This picture was taken in 1938 of the Women's Archery team, clearly
during the late fall or early winter, though the archery season was year
round. Later in the fall term and during the winter, the archery
team shot inside in the Alumni Gymnasium, now the Weiss Center. They shot
in the basement along the cinder track.
Even though women's archery was not a competitive sport it was still recognized by the College and a picture of 1938's team did appear in Dickinson's 1938 Microcosm. Though not this picture, the photograph displayed in the yearbook was probably taken on the same day because the women were wearing the same clothes. The regulation costume, which was purchased from the College, was worn by the women during competitions. These competitions were held between the women in the four classes. There were two different rounds of competition, indoor and outdoor. Indoor competition involved each woman shooting at three different distances, 40 feet, 50 feet, and 60 feet. The outdoor competition had the women shoot rounds at 30, 40 and 50 yards.

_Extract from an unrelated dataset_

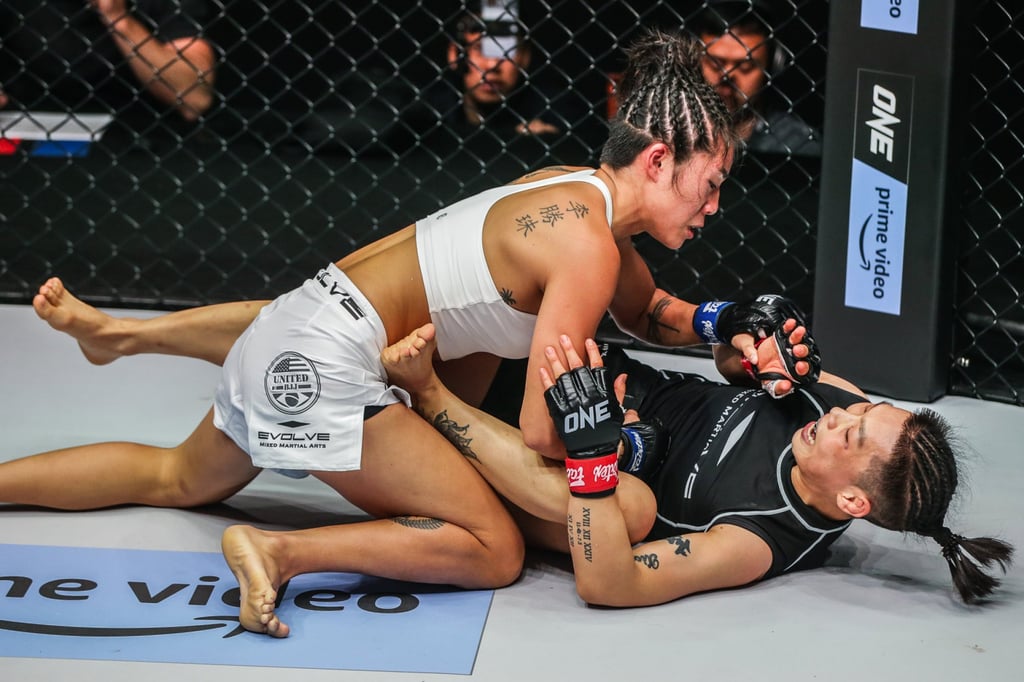 Angela Lee attacks Xiong Jingnan from top position at ONE on Prime Video 2 in Singapore. Angela Lee attacks Xiong Jingnan from top position at ONE on Prime Video 2 in Singapore.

Before World War II women's sports were fairly new to Dickinson. It was in 1923 that Dickinson's first director of Physical Education for women was hired. In 1926, Jeanette Packard was appointed instructor of women's physical training, though she held the post only during that one year. Women were encouraged to become involved in sports and were given incentive through awards and recognition for achievement in their particular sport. Evidence suggests that archery was not overly popular at this time, since it was the only sport not mentioned in the 1938 yearbook. Basketball was the only varsity sport, but swimming was popular as well as bowling and riding. The latter were non-varsity sports and not inter-collegiate; instead, competitions were held between sororities and classes.